Yesterday was my birthday.

There has been a tradition that my mom likes to joke about, in which, every year on my birthday I cry. Every since I was probably 5. It’s usually happy tears, sometimes overwhelmed tears, sometimes frustrated tears and sometimes nostalgic tears.

I always try to bite off more than I can chew. I consider my birthday the beginning of a new year. I set goals, I look back and reflect and I look forward to what I want to create.

But guess what? On my birthday this year, I didn’t cry. I let my friends take the reins with planning and organizing, something I typically do and worry if everyone is enjoying themselves. I was relaxed all day for the party, there was bubbly, delicious food and lots of laughter.

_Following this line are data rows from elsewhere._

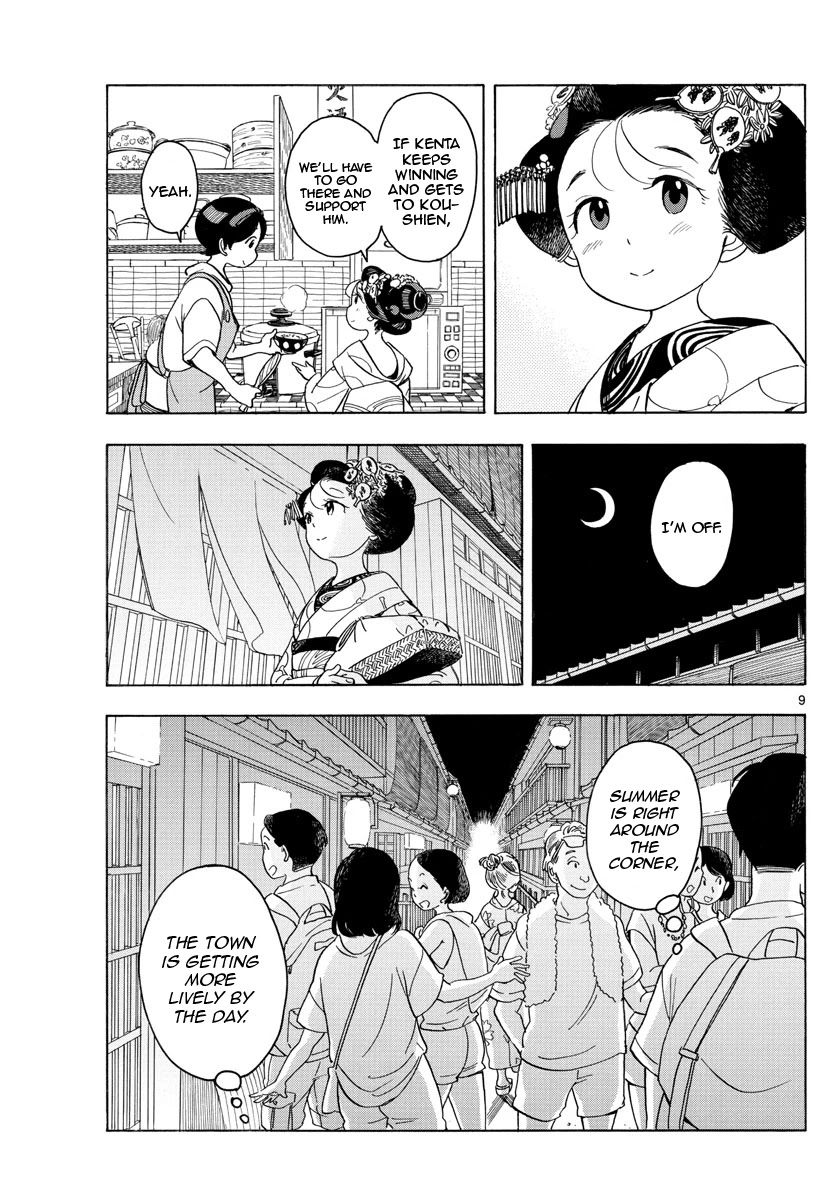 Maiko-san Chi no Makanai-san Chapter 124 page 9 - Chapter 124: Summer Heat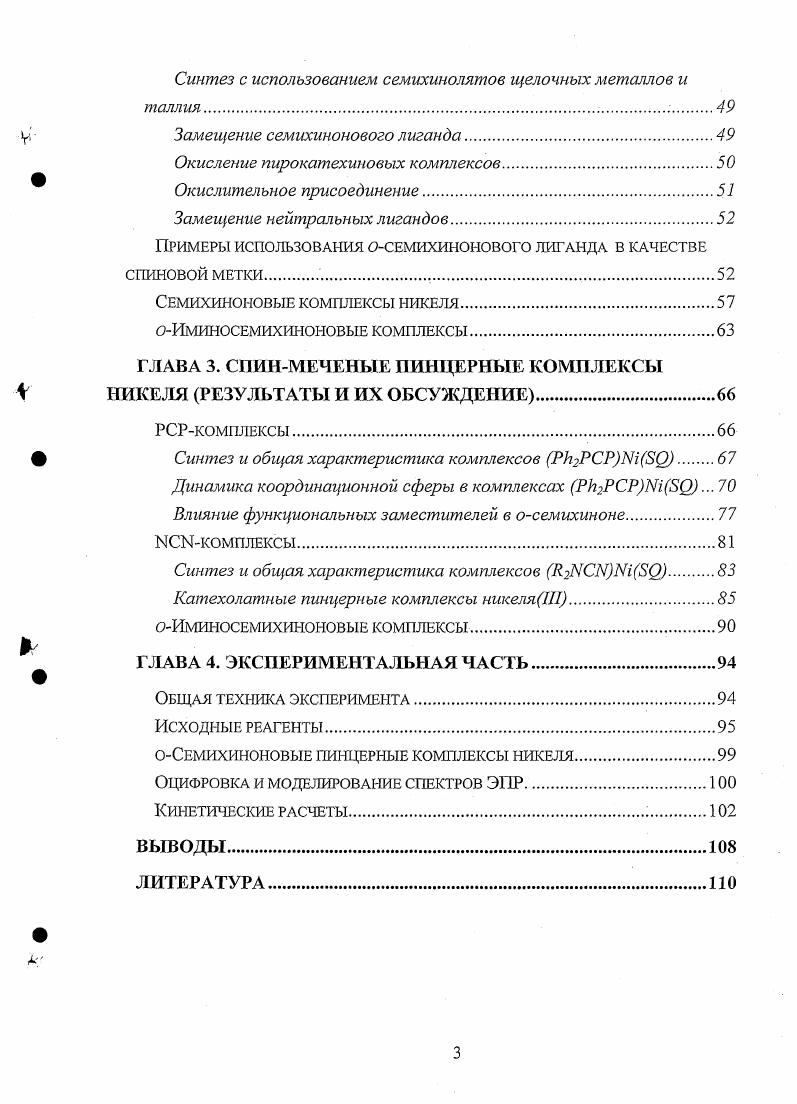 Методы синтеза пинцерных комплексов 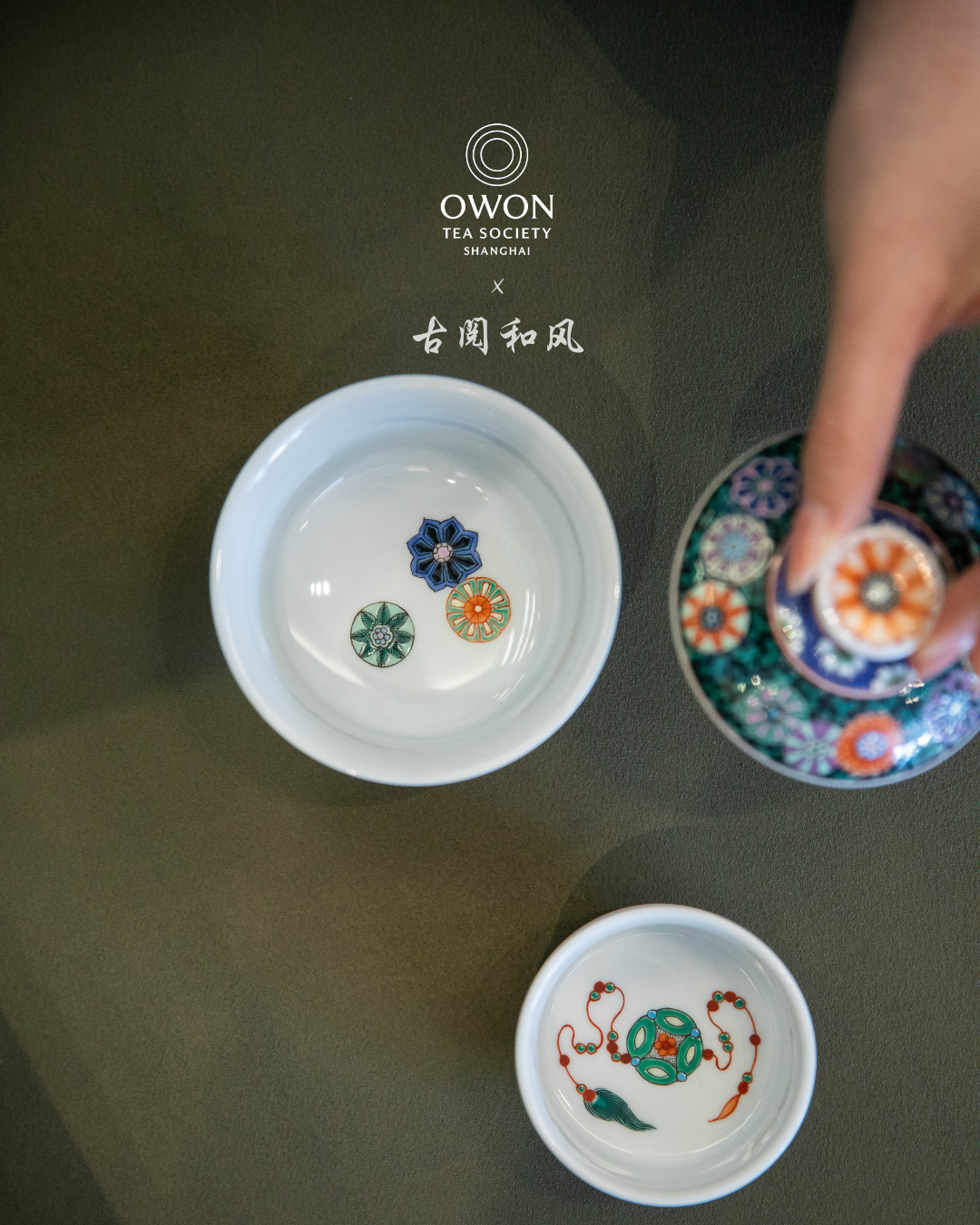 경덕진 고채 명요_고열화풍 고채(古彩) 피구화 개완 세트_玗琪轩_Gaiwan tea set from Jingdezhen Kiln GU YUE HUA FENG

Here are some highlights from the last year:

  • I am saying no more often. It is best for everyone involved and allows me to give fully, when I’m truly able.
  • I started a new job in May of last year. I’m still here. I’m still loving it. I am behind my decision and career “jump” and love being part of a startup that is growing and evolving. I’m able to create and affect so much change and forward movement.
  • This past year I’ve been lucky to have family move here. As someone who has always moved and like the “reset” button, I haven’t lived near family for most of my life (except my immediate family when growing up). I have two cousins here and for a semester, my brother was nearby in Denver. It has shifted for me each year, loving having that community nearby and there is nothing quite like family.
  • I took my first break of non-blogging (for about two weeks) near the holidays at the end of 2011. For three years, I blogged with regularity every week. When I was writing that post, it just popped in my head that I wanted to unplug. It was a simple decision. With life, you change. I still adore blogging and writing. I still greatly respect this community and space, I just find that sometimes I’m blogging less. And instead of feeling guilty, I feel good and understand it’s where I am right now.
  • I’m still in love. I’m still in a partnership that started from afar (ahem blogging) and it will soon be two years that we’ve been together.
  • I have found a newfound love in Grace(full) Plate, my food blog. It was started in October of 2010 and it has opened up a whole new world for me, reminding me that my jobby (job + hobby) of food culture, is one that is fulfilling. I have new goals for Grace(full) Plate and one is already being fulfilled, being flown to a vineyard with a group of journalists in food to cover wine in Colorado.
  • On top of my full-time job, I found consulting gigs kept coming to me. I made a nice little chunk of extra dough in 2011 just from consulting. I had less time, but I learned a lot and figured out what I would continue doing, and certain consulting I don’t prefer to do. It keeps me on my toes. We’ll see if 2012 persists that.
  • I started investing. Yikes. I feel like an adult. Mutual funds, what?
  • I’ve also learned that I have a lower tolerance for negativity in people around me (strangers or not). I used to brush it off, I used to give everyone the benefit of the doubt but now, I will not allow it. It benefits no one and we are here to enjoy.

I had an incredible birthday week. I felt love from around the world from friends and family, and my heart is literally swelling with joy. Thank you to everyone!